And, oh the company!  As we sat on Saba's deck watching the fire burn, she and her friend Asal (Persian for honey) -- a San-Francisco-based artist in town preparing for an opening in Tehran -- fed my endless hunger for stories of current life in that city: this world of thrift store shopping, daily protests in the streets, conversations with cabbies, tea made from leaves freshly picked, pimps decked out in their finest standing on street corners in the middle of the night, and a youth population perfectly well versed in sex, drugs, and rock and roll -- all the delicious details CNN does not cover.  I got to speak Persian (nothing new, but lately it's been especially fun), and these lovely women even complimented me!   All the while, Asal's husband Bijan kept the vibe going as our DJ for the night.

Like any good Iranian hostess, Saba would not let us leave without tea and a little dessert.  I'll tell you this: I might never again eat ice cream without a sprinkle of rosewater on top.  But before we got dessert, we had to do the jump.  You start with a mantra you direct at the fire:  "my yellow is yours, your red is mine".  It's a pledge that as a one year comes to a close and spring pops up all around us, we'll feed the fire all our sickliness and cowardice, and leap into the new year with all the heat and glowing life of the fire.  The world seems rife with challenges right now.  Sometimes it seems like they're too overwhelming to even begin to know how to deal.  Tonight, a declaration of the fire within us all is a good place to start.

Oh, and since the sabzi polo page on this blog has now surpassed the homepage in hits, let me give you people what you want:  Here is my detailed sabzi polo recipe, and here are a couple photos of the delicious finished product.  Let me know if you have any questions!

Thursday, March 10, 2011

Secret Places

Have you been to 55 Degree wine shop in Atwater Village?  Nice place, lots of wine, blahblahblah.  But did you know that if you step towards the cash register, there's a stairway that goes way down to a cellar that is a secret wine bar?  It's a treasure.

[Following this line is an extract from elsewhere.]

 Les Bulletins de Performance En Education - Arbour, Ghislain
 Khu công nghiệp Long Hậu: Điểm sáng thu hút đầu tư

It's a pretty special space.  Much larger than the store itself, it's cavernous, and yet with its dim light, it's intimate.  It's a place for telling secrets.  Order a drink from the lovely person behind the counter -- in our cases, it was a flight of cavas, whose Spanish names the British barmaid lovingly pronounced with an Italian accent.  Maybe pick up a bite to eat from the food truck outside, or just grab a handful of almonds from the counter.  A few sips in, you'll find yourself sharing things you'd squeezed super-tight not to let out.  Your non-judgmentalness muscle will be challenged as your companion starts sharing taboo secret things of her own.  As you dip into the glass of mineraly Santa Barbara Giallo that you probably didn't need after the generous flight of bubbly, you'll find that that muscle is stronger than you'd even imagine.  And so are you.  Which, maybe, is a fact worth sharing.

55 Degree is at 3111 Glendale Blvd., just north of Glenfeliz.